Да, жили они — другие не скажут, что плохо. Но никто не скажет — любит ли Анна мужа. И сама она этого теперь не скажет. Когда-то любила ошалело, без памяти, залила когда-то она Федора своей любовью, как обвальный июльский ливень заливает землю. Уж текут потоки воды по земле, уже залиты низкие полевые луговины, и лишь торчат над кипящей от тугих дождевых струн водой только высокостебельчатые ромашки да упругий остролистник, уже помутнела от дождя широкая Громотуха — а ливень все идет, все хлещет по земле со звоном…

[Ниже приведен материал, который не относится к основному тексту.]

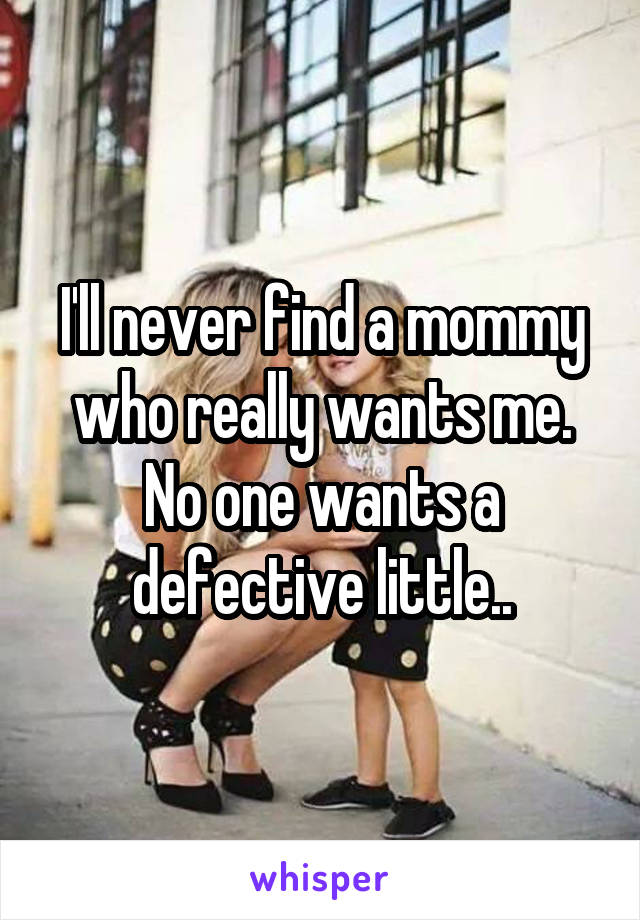 I'll never find a mommy who really wants me. No one wants a defective little..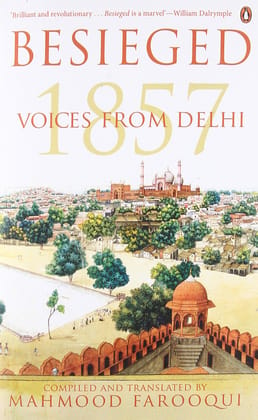 Besieged: Voices from Delhi (PB): Voices from Delhi 1857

Но вот чуть потоньше стали дождевые струны и пореже. Вот словно кто махнул поперек ливня огромным решетом, разрезал струны па капли. И хоть они капают вниз обильно, но это все-таки уже капли. Сперва скапали вниз те, что покрупнее, потом долго сыпалась мелочь. И наконец дождь совсем прекратился. Лужи по канавам и оврагам скатились все в ту же ненасытную Громотуху, а в заросших травой низинах вода потихоньку просочилась под землю, оставив на дне маслено поблескивающий на солнце слой ила. Ил, быстро высохнув, берется корочкой. Через несколько часов корочка эта трескается, кучерявится, как береста, и рассыпается от жары в пыль. Зетерок раздувает эту пыль, ворошит белые, недавно дрожливо стоявшие под ливнем ромашки, длинные стебли остролистника и прочее разнотравье.